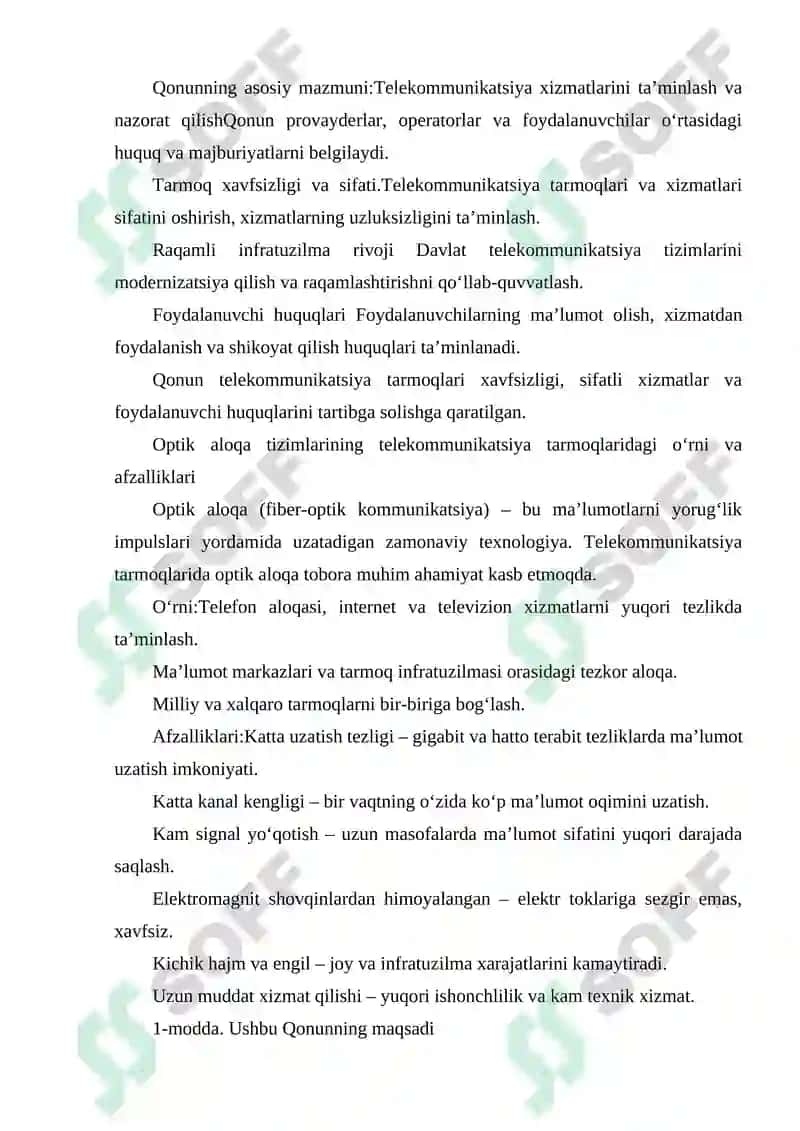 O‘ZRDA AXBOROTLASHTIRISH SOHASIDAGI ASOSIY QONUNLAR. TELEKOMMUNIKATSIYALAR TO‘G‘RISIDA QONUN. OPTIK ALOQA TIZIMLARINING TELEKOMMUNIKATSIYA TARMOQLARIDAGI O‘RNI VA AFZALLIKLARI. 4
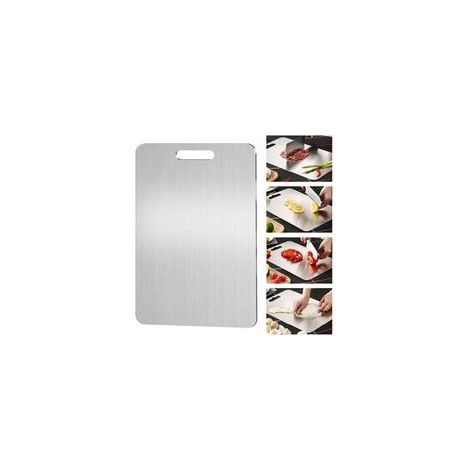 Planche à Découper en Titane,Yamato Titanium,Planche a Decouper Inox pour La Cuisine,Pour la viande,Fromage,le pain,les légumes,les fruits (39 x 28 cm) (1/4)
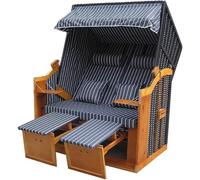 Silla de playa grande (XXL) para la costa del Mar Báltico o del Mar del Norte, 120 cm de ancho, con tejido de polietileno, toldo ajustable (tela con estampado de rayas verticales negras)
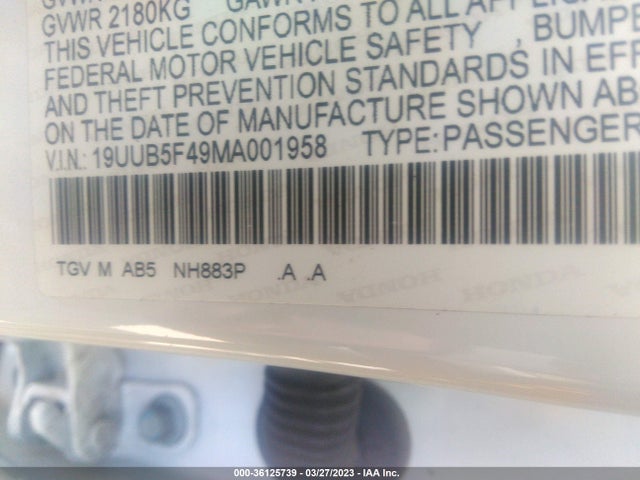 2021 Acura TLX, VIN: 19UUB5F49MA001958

###

DIRECTIONS FOR THIS TASK. Give again exactly the lines running from the beginning of the material above through the line that contains "Planche à Découper", and leave out every picture.

ANSWER FOR THE TASK.
 O‘ZRDA AXBOROTLASHTIRISH SOHASIDAGI ASOSIY QONUNLAR. TELEKOMMUNIKATSIYALAR TO‘G‘RISIDA QONUN. OPTIK ALOQA TIZIMLARINING TELEKOMMUNIKATSIYA TARMOQLARIDAGI O‘RNI VA AFZALLIKLARI. 4
 Planche à Découper en Titane,Yamato Titanium,Planche a Decouper Inox pour La Cuisine,Pour la viande,Fromage,le pain,les légumes,les fruits (39 x 28 cm) (1/4)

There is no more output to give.